#### Collection entries:
:::::

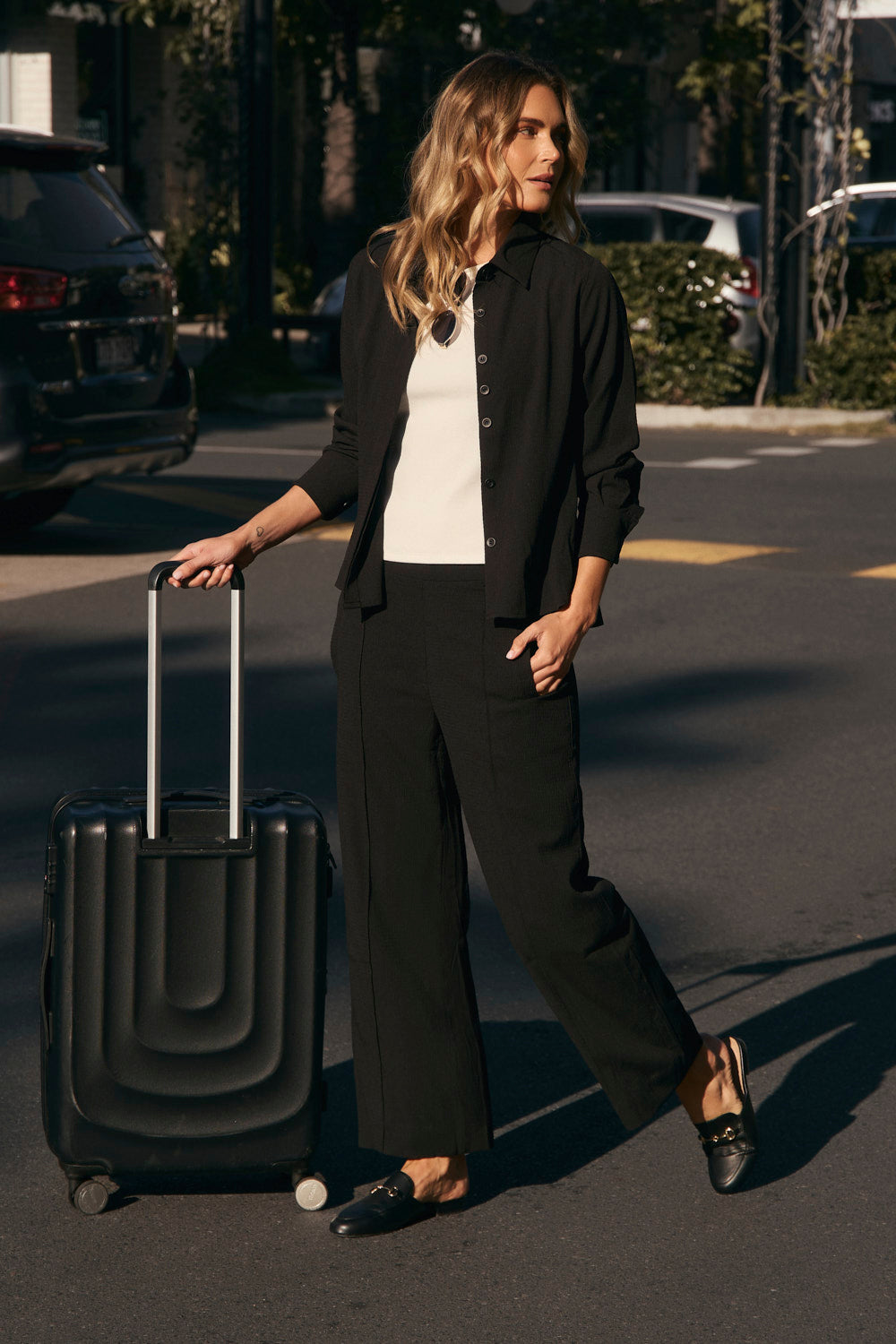 Relaxed Travel Shirt in Black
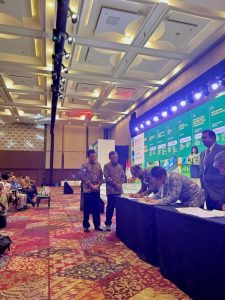 Menteri ESDM dan Penjabat Gubernur Aceh Jadi Saksi Penandatanganan Perjanjian Komitmen Kerjasama Pengembangan WKP Panas Bumi Seulawah PT. PGE Tbk dan PT. PEMA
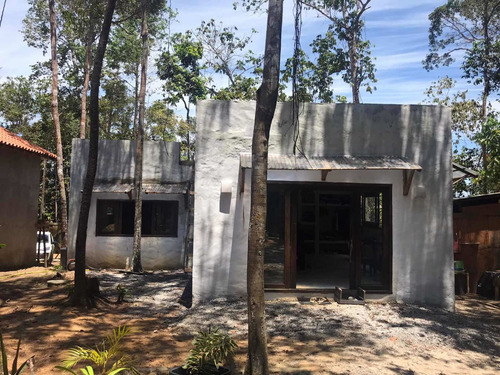 Imagem 11 de 12 de Casa 70% Construida, Condomínio,3 Suites, 2 Quartos, Piscina
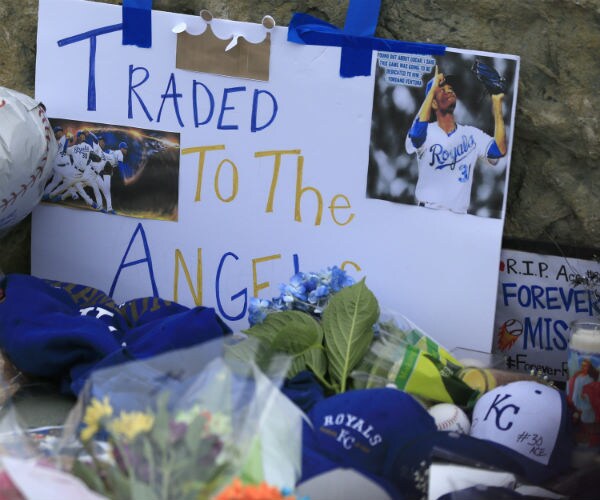 Royals' Ventura Killed in Car Crash in Dominican Republic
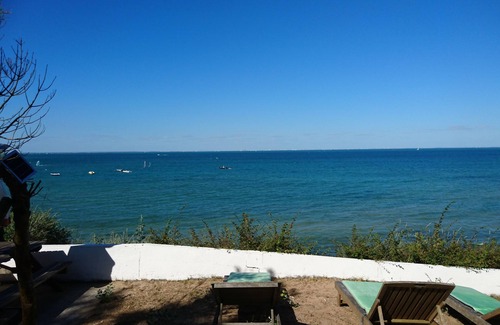 La Bree-les-Bains House | Seafront not overlooked, experience the postcard from the inside!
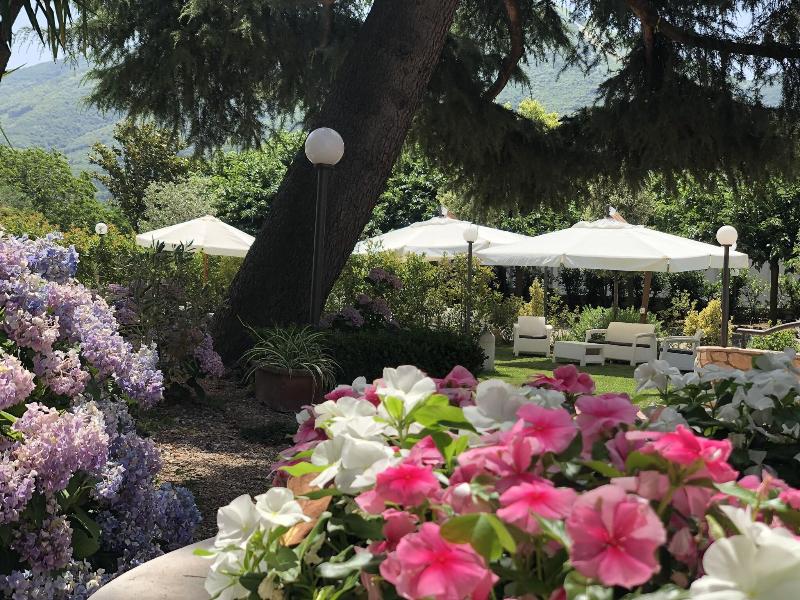 Yellow Park Hotel Restaurant - Genel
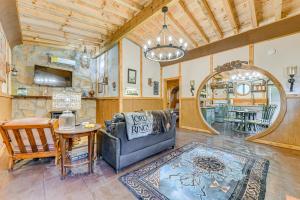 Χώρος καθιστικού στο Hobbit-Themed House on 6 Acres in Cosby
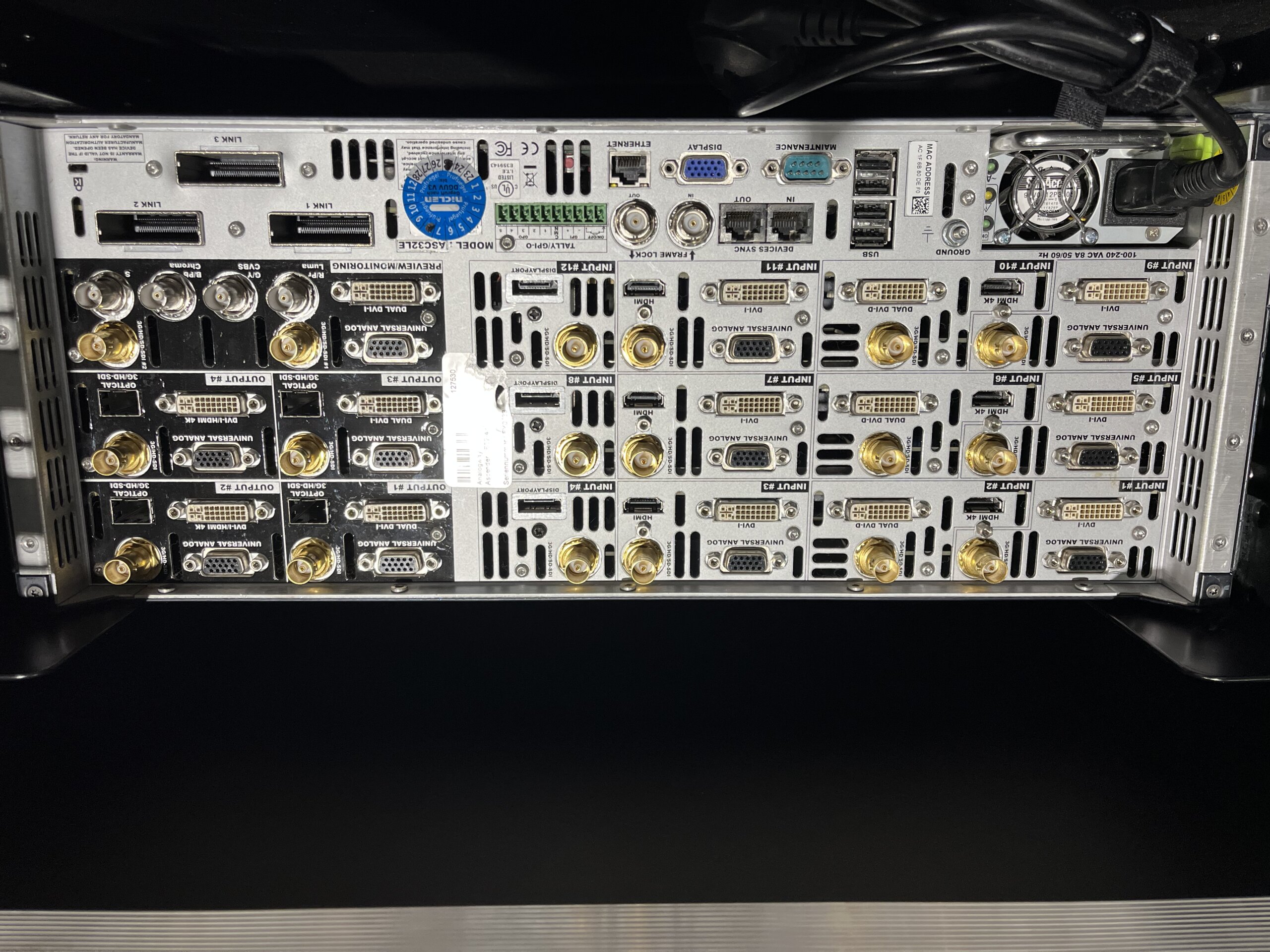 Analog Way® Ascender 32 LE - 4K (Lite Edition) – Bild 2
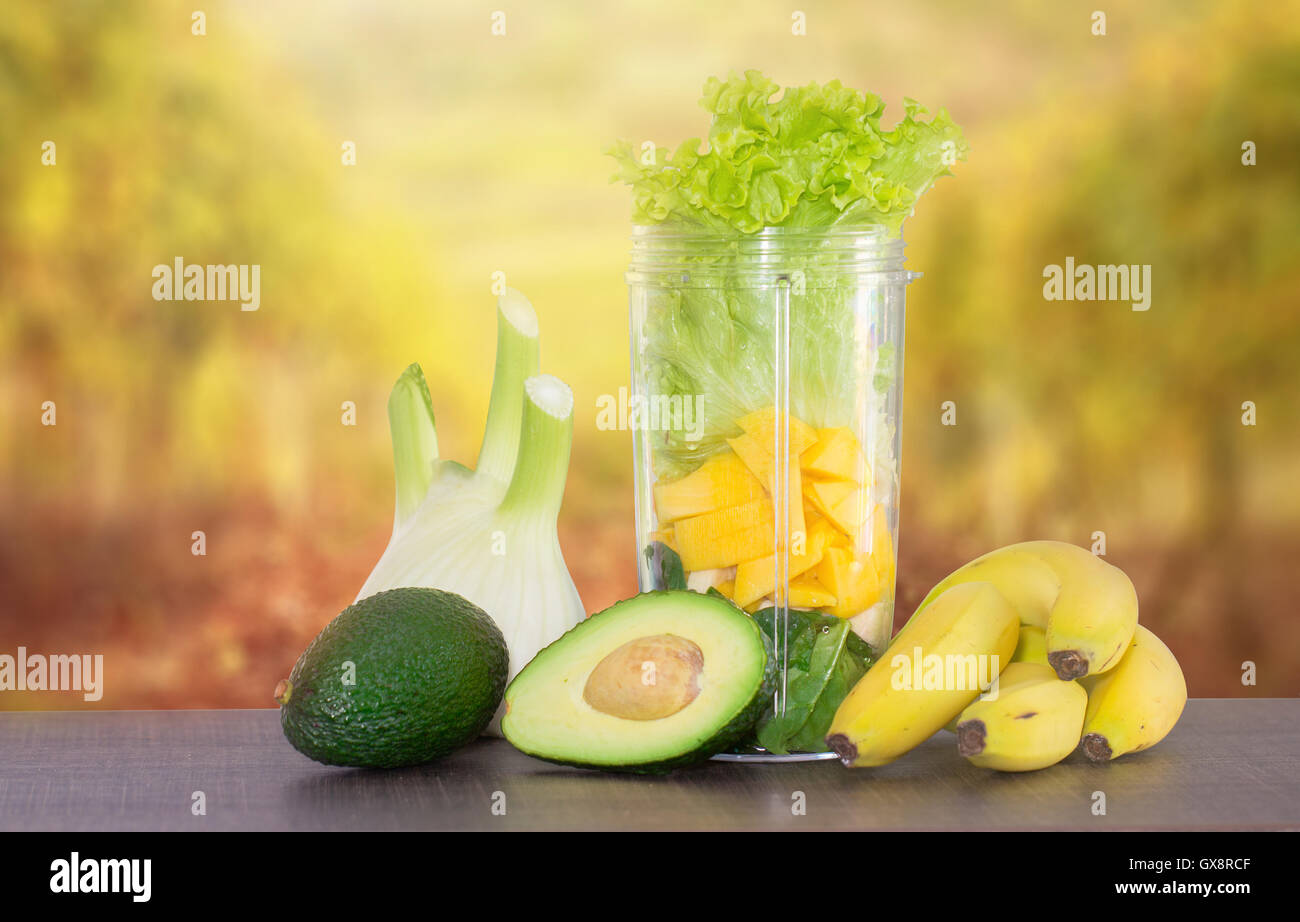 Avocado-Bananen-Smoothie Zutaten Stockfoto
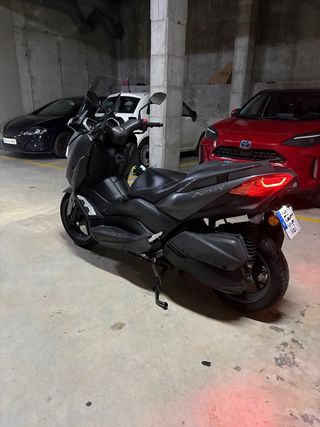 Yamaha Xmax 300 Negra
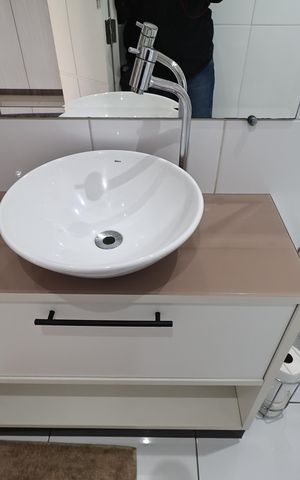 Apartamento para alugar com 58m², 1 quarto e 1 vaga Apartamento para alugar com 58m², 1 quarto e 1 vagaBanheiro da Suíte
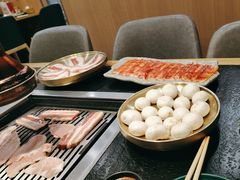 -臻牛烤肉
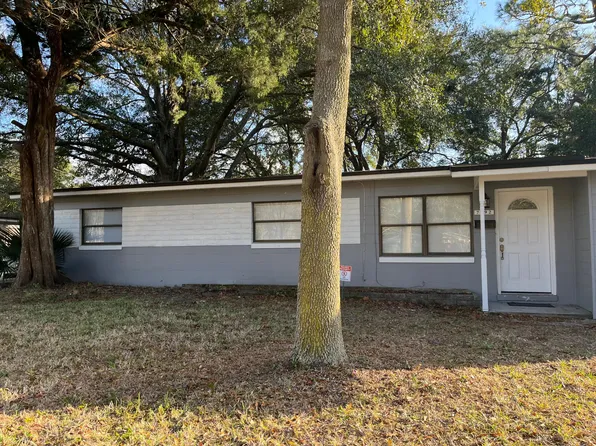 7292 Arble Dr, Jacksonville, FL 32211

:::::

After locating "Yellow Park Hotel Restaurant - Genel" and "Yamaha Xmax 300 Negra" in the records above, return exactly the line holding each one and every line between them; leave out the pictures.

 Yellow Park Hotel Restaurant - Genel
 Χώρος καθιστικού στο Hobbit-Themed House on 6 Acres in Cosby
 Analog Way® Ascender 32 LE - 4K (Lite Edition) – Bild 2
 Avocado-Bananen-Smoothie Zutaten Stockfoto
 Yamaha Xmax 300 Negra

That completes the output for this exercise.